神代三山陵のうち2つをまわってみたが、そこから、3つ目は遠いので、先に和気神社に行った。

 祀られているのは和気清麻呂。孝謙天皇の時代、女性の天皇だった孝謙天皇は道鏡というお坊さんに入れ込み天皇にしたいと言い出した。それでいいのかと宇佐神宮に聞いてこいと和気清麻呂が言われたのだが、血筋でないものが天皇になってはいけないとご神託を受けたといったので、道鏡は天皇になれなかった。それを怒った孝謙天皇が和気清麻呂を和気汚麻呂と改名したうえで、鹿児島の大隅半島に追放したのだ。
 なんか昔の喧嘩って、子供っぽいなと思ったりしながら、どんな神社だろうと想像を膨らます。
 
 そもそも神様は自分でどこにでも行けるのに、なぜ、私と旅をするのですか?と改めて疑問に思い、問いかけてみる。

 人間は善悪の二元論で考えがちだが、神様には「愛」しかないとのこと。例えば、太陽は何の報酬もとらず、何の判断もせず、全ての人、全てのものに平等に、公平に降り注いでいる。それでも、陽に当たることを避けて育つ植物があったり、陽のささない所でも、いろんな工夫をして生きている生物が沢山いる。同じように、神様が(いるとしたら)すべてのものを等しく愛し、慈しんでいる。にもかかわらず、愛を届けられないことがある。そこに届けるために、動ける人間の力が必要な場面がある。そのために、私と組み、私を鍛え、必要な場所に光を届けたいのだ。ということだった。私はわりと良い子で、悪い子においしいところを持っていかれて損するタイプなので、なんか、悪い奴は助けなくていいんじゃないかとか、思ってしまうのだが、そうじゃないらしい。

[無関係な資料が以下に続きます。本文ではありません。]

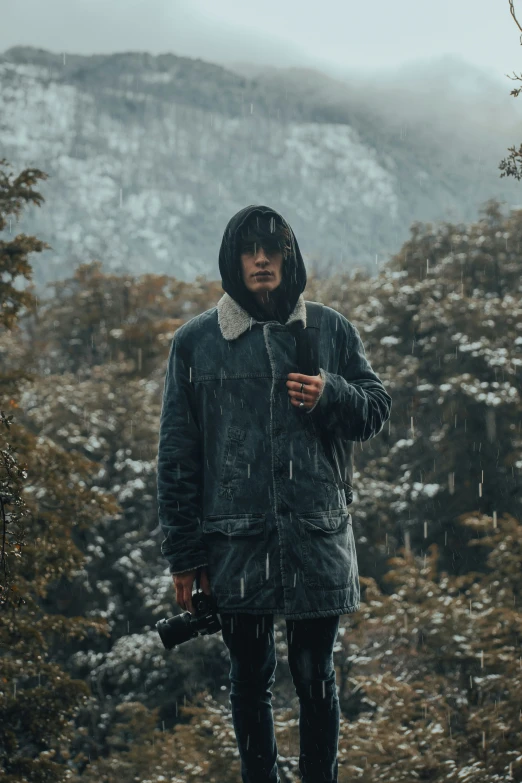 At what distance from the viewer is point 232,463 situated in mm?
3039

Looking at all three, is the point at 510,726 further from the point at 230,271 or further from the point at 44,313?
the point at 44,313

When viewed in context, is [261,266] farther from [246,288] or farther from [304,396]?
[304,396]

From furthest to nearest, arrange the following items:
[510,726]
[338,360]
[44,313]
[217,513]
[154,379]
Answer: [44,313] → [154,379] → [510,726] → [338,360] → [217,513]

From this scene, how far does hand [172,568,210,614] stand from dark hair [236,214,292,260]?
1.10 m

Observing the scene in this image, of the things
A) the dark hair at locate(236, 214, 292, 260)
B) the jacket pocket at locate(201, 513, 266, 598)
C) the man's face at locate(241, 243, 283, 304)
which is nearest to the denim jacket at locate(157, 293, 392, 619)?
the jacket pocket at locate(201, 513, 266, 598)

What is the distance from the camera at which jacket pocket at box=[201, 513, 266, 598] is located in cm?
295

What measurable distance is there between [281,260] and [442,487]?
1085 cm

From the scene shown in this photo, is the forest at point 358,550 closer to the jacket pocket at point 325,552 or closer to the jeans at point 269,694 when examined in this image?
the jeans at point 269,694

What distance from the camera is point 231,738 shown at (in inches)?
267

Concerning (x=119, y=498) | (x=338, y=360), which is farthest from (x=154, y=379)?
(x=338, y=360)

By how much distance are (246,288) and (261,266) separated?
4.0 inches

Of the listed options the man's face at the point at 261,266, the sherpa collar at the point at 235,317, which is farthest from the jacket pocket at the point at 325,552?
the man's face at the point at 261,266

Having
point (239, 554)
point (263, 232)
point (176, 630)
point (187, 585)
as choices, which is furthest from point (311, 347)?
point (176, 630)

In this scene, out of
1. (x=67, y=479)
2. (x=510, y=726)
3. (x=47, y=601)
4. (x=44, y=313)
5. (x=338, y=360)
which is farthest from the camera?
(x=44, y=313) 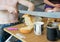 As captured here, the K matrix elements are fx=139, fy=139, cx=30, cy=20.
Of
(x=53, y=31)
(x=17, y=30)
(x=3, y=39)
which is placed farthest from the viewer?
(x=3, y=39)

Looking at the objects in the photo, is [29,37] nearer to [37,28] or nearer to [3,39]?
[37,28]

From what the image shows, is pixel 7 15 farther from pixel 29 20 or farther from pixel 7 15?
pixel 29 20

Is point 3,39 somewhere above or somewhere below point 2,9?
below

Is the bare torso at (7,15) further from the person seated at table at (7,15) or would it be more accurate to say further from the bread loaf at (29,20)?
the bread loaf at (29,20)

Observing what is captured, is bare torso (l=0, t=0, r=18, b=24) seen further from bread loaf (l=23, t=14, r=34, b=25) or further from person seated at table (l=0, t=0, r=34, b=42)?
bread loaf (l=23, t=14, r=34, b=25)

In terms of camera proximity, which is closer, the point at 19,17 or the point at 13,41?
the point at 13,41

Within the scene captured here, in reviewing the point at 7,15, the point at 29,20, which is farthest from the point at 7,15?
the point at 29,20

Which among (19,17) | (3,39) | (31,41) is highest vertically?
(19,17)

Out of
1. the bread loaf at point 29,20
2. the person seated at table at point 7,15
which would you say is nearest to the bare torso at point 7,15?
the person seated at table at point 7,15

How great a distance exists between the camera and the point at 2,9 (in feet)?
4.70

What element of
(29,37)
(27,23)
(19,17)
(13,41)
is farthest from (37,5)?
(29,37)

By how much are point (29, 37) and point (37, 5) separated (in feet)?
2.88

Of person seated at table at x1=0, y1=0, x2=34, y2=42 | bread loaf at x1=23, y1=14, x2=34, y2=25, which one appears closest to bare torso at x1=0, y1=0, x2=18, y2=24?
person seated at table at x1=0, y1=0, x2=34, y2=42

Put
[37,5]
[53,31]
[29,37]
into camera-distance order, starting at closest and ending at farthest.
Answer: [53,31] → [29,37] → [37,5] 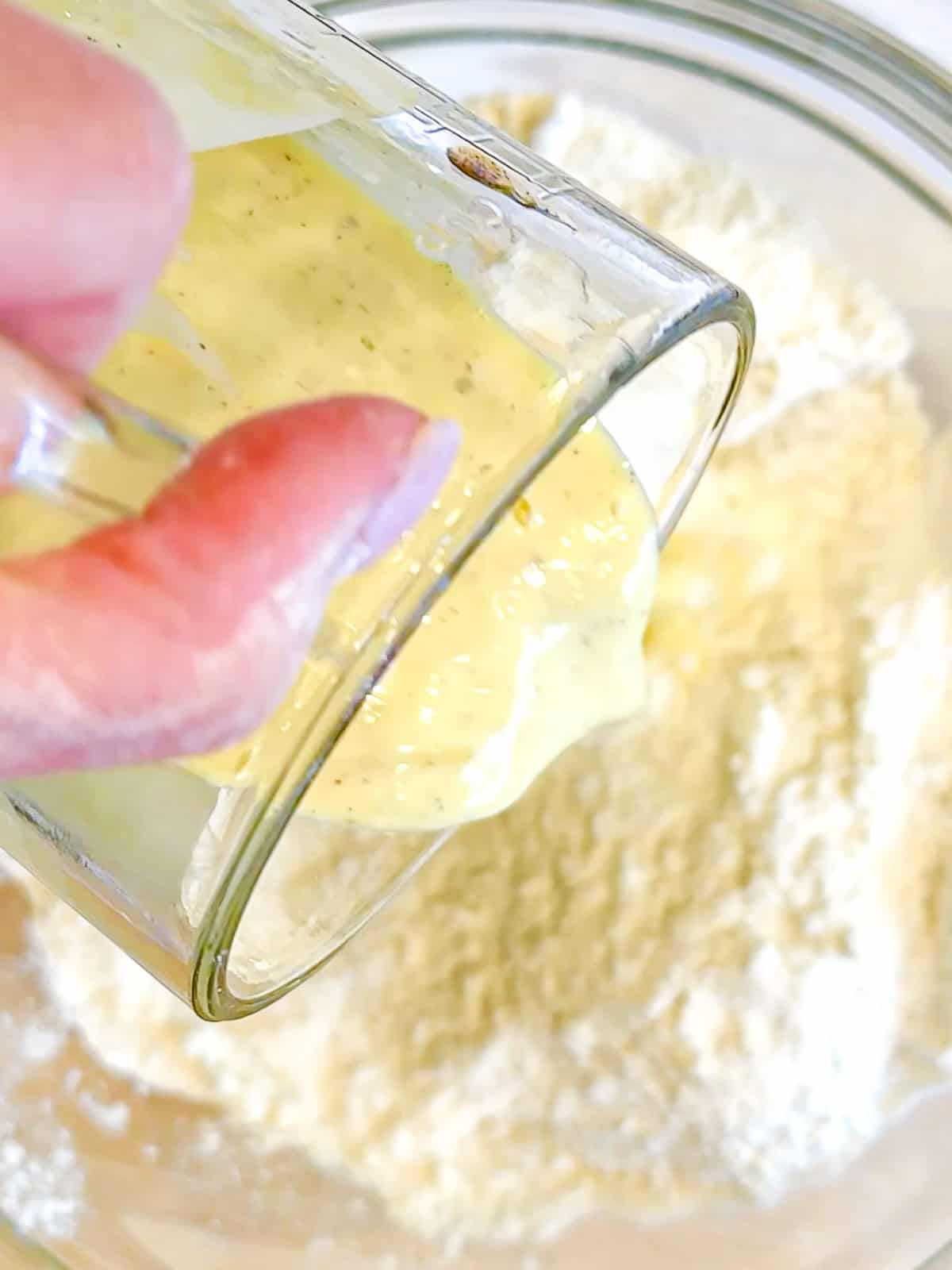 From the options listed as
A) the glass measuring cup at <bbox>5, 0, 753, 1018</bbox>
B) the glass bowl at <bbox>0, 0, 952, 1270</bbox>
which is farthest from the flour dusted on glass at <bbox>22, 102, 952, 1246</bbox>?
the glass measuring cup at <bbox>5, 0, 753, 1018</bbox>

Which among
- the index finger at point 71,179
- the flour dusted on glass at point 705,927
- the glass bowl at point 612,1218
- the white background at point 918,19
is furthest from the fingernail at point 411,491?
the white background at point 918,19

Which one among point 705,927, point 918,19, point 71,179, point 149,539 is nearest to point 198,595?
point 149,539

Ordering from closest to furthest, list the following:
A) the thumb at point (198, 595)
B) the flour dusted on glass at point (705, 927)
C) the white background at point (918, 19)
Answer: the thumb at point (198, 595)
the flour dusted on glass at point (705, 927)
the white background at point (918, 19)

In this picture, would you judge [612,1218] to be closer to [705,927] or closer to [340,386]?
[705,927]

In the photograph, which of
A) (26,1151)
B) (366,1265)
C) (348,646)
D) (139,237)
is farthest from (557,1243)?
(139,237)

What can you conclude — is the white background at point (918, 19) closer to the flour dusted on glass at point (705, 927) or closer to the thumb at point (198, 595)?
the flour dusted on glass at point (705, 927)

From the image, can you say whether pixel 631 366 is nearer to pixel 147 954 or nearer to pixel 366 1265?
pixel 147 954

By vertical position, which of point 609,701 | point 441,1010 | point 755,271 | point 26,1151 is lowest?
point 26,1151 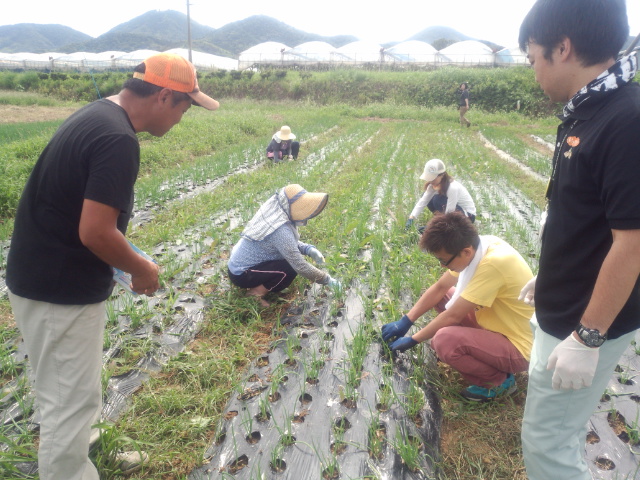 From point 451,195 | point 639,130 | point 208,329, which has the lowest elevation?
point 208,329

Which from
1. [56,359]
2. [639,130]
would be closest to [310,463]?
[56,359]

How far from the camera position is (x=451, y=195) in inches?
162

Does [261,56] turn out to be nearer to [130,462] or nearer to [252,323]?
[252,323]

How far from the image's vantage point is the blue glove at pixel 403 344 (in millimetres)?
2246

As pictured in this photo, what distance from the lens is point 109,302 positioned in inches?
109

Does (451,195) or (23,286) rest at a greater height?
(23,286)

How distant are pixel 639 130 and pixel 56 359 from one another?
176 centimetres

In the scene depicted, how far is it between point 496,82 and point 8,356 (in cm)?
2310

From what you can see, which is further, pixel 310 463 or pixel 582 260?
pixel 310 463

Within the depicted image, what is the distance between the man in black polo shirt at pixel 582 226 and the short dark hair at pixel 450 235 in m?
0.64

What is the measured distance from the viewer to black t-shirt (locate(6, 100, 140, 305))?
129 cm

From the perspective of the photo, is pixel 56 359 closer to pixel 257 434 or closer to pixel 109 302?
pixel 257 434

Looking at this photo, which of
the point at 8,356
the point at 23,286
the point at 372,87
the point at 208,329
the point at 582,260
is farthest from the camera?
the point at 372,87

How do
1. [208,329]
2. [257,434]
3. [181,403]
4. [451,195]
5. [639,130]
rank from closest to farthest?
1. [639,130]
2. [257,434]
3. [181,403]
4. [208,329]
5. [451,195] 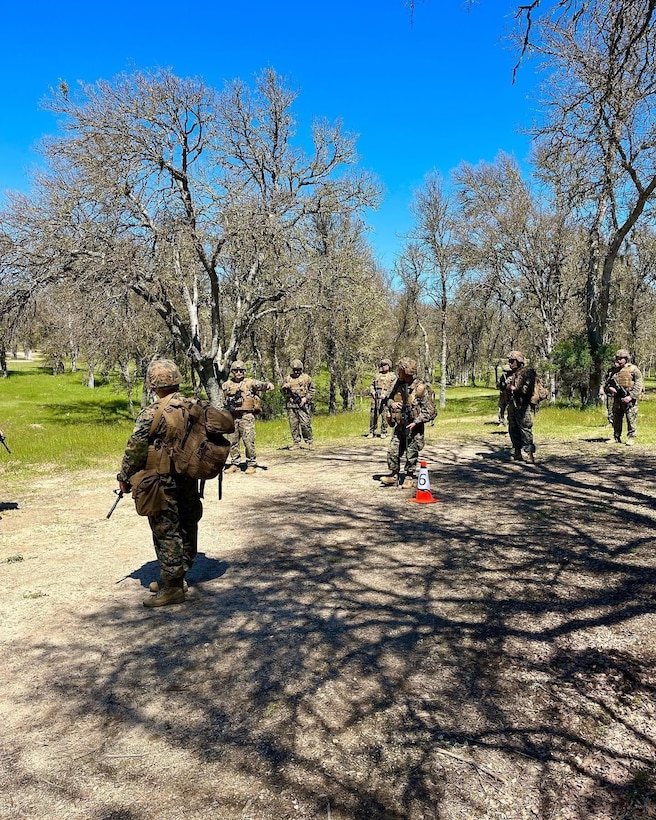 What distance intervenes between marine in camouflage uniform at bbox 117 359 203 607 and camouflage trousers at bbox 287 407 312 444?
362 inches

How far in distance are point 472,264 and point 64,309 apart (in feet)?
65.8

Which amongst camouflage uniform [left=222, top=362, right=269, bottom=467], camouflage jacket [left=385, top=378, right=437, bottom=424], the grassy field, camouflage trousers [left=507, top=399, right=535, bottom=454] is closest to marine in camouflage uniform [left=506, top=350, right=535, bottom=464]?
camouflage trousers [left=507, top=399, right=535, bottom=454]

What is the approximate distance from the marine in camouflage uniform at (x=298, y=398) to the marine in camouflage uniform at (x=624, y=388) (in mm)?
7117

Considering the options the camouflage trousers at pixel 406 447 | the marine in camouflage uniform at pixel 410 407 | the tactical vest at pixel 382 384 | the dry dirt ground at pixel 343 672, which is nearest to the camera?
the dry dirt ground at pixel 343 672

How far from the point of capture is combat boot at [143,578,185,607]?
484 cm

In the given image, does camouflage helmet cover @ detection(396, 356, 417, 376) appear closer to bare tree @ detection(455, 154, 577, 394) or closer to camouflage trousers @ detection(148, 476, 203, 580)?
camouflage trousers @ detection(148, 476, 203, 580)

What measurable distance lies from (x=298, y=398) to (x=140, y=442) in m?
9.35

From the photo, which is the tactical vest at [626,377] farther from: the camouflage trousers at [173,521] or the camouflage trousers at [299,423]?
the camouflage trousers at [173,521]

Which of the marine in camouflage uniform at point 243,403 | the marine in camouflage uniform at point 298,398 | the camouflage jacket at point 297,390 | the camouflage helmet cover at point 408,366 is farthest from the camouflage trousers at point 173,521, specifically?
the camouflage jacket at point 297,390

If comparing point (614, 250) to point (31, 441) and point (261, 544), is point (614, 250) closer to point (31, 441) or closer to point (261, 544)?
point (261, 544)

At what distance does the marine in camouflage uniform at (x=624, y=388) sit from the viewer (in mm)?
12070

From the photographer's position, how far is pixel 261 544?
661 cm

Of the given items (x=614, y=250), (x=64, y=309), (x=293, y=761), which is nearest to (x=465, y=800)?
(x=293, y=761)

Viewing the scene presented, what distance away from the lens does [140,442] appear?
4.70 m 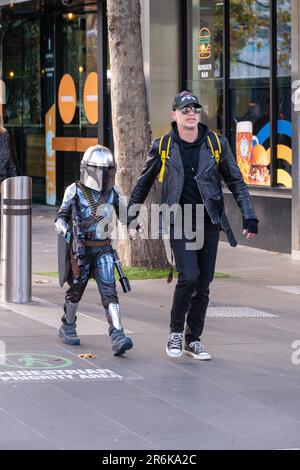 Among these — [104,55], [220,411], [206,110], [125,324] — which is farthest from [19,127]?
[220,411]

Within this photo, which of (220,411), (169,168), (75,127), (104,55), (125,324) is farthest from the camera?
(75,127)

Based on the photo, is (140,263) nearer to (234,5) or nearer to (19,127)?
(234,5)

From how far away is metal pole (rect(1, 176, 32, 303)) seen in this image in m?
10.7

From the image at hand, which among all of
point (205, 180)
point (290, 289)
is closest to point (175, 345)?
point (205, 180)

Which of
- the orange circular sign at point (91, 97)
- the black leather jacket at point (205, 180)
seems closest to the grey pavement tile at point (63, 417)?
the black leather jacket at point (205, 180)

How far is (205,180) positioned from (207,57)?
9.08 metres

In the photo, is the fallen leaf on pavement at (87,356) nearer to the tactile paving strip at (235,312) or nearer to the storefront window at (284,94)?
the tactile paving strip at (235,312)

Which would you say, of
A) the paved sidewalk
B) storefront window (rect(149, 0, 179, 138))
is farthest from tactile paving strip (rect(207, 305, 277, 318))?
storefront window (rect(149, 0, 179, 138))

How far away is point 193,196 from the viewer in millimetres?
8406

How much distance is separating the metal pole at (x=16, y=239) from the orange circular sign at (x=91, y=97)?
31.6ft

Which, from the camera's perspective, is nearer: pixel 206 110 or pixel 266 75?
pixel 266 75

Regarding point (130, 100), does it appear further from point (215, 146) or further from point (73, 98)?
point (73, 98)

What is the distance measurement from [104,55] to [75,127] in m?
2.04

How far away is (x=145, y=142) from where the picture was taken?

 和気神社の駐車場は藤棚が見事だった。本殿の奥は深い山、右手に降りていくと、川と滝。これって、これって、鬼滅の刃の世界ではないかと驚いた。主人公の男の子が鬼と戦う鬼殺隊に入って、一人前になるテストをするときに入った山にそっくりだ。藤が咲くところには鬼は近づけないので、そこは安全地帯で、そこから、山に入り、鬼を倒し、無事に藤棚に帰ってこれたらよし、というようなテストだったと思う。
 なぜ、ここに和気清麻呂は祀られているのか、なぜ、ここに坂本龍馬は来ているのか。

 ここは色んな人が修行していました。とのこと。

 ではなぜ和気清麻呂はここに祀られるのか、と聞くと、それは彼が魅力的な人間だったからでしょうとのこと。藤原百川にそそのかされて、道鏡はダメという意見を述べたけど、本当に正しいのは何か悩み続けていたとのこと。道鏡について、もっと調べて勉強してから質問しなさいということだった。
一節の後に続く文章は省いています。